After developing a large database of users, we can now target them in buyer or seller campaigns. Our website has a home valuation tool, similar to a zestimate, yet more honest in its tone. It’s a potential seller magnet. We sent a single e-mail to the entire database, letting the users know that property records had updated and they could get a new customized value report online. It generated 200 potential seller inquiries in two hours.
What we do with those leads, of course, is the important part. Having identified them as possible sellers, and having their home addresses via the home valuation tool, we have options to send them print mail directly, knock on doors, e-mail or call them individually, or try to connect with them via social media. Whatever route we choose, we know what message to use. We’re focused on an engaged user base made up of people who are much more likely to be considering a home sale than the general public.
Connecting via Social
The other opportunity for those who build their own database is the chance to move your connections over to other platforms. With registered users’ e-mail addresses, brokers can use tools like Rapportive to automatically find the social media profiles of every user. Connecting with these users via a personal Facebook account, company Twitter account, or LinkedIn are all good ways to strengthen your long-term connection.
We can also see what style and location of homes these users have been searching for on the websites.

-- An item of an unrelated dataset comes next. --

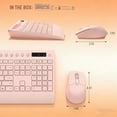 thumbnail image 2 of Wireless Keyboard and Mouse Combo with Full-Size Quiet, Palm Rest, Phone Holder, Multimedia Keys, Batteries Included, Compatible with Windows, PC, Laptop - Pink, 2 of 7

If we segment our database of users into groups by search locations, we have even further targeted prospects. Any time we list a new home, we can send it to just that segment of our users who are looking in the same area, instead of blasting everyone in the database, to whom 90 percent find it irrelevant.

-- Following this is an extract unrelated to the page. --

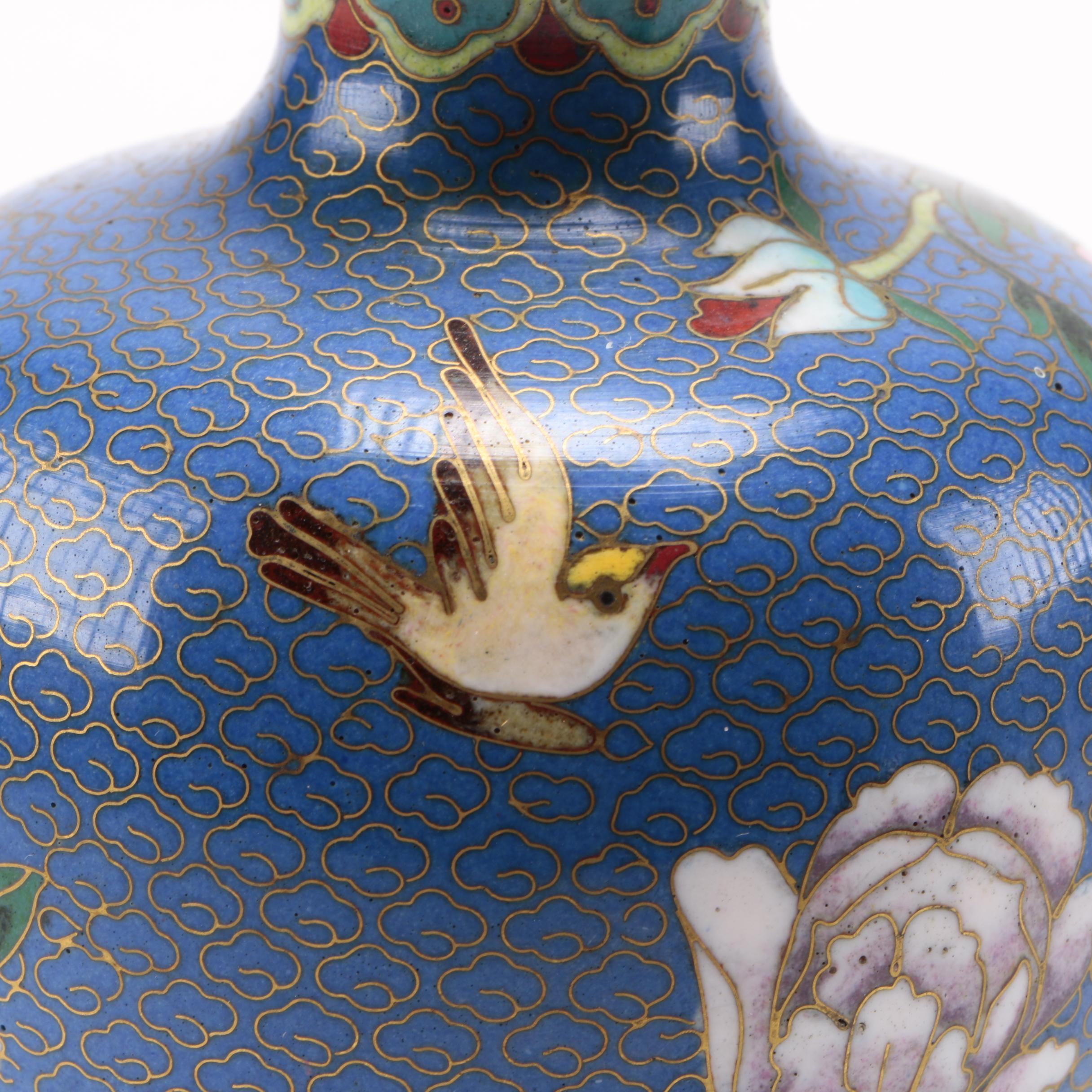 Two Matched Cloisonné Painted Vases With Floral and Bird Motifs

E-mail may not cost money in the way that print mail does, but it’s still costly if it’s overused. Keeping your audience engaged and not overwhelming them is highly important to staying out of spam filters and continuing to be able to reach them.
Closing the Sale
Getting new clients via big data is a great first step, but using data to actually find the buyers for you or your agents’ listings can also be done better by using data. We use Coldwell Banker’s CBX tool, but there are other sources of profiling data as well. We can pinpoint the kind of buyer who is most likely to be purchasing in the area where our listing resides, and then create a map of likely nearby locations of buyers. From their employment, income, and age range, we can show our sellers where we’ll be targeting our marketing for the most likely buyer candidates. It’s not only a strong part of a listing presentation; it’s also a strategic way to ensure more of your marketing dollars are going to the most effective locations for your clients.

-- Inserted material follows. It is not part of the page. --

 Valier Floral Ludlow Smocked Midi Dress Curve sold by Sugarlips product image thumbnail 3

Big Picture: Upstream and Potential Uses
The partnership between NAR, brokers, and Upstream RE LLC has great potential for brokers to access better data. While the end product is still in flux, the image projected looks to be one where brokers input all of their listings at one entry point and then choose how and where that data is delivered.
With the right analytics assigned to brokers’ listings via Upstream, we could have a single platform of metrics to help us make decisions regarding which outlets are really working. Imagine if you could easily find out which portal is actually generating leads that sell homes? How much of your traffic comes via the MLS and IDX? Does the quantity and quality of traffic and leads vary significantly on one portal vs. another? This will help you see where your advertising dollars get the best ROI.
Real estate data has always been fragmented. Upstream has the promise of simplifying, and improving, our ability to make data-driven decisions in the future. That’s a win for all brokers.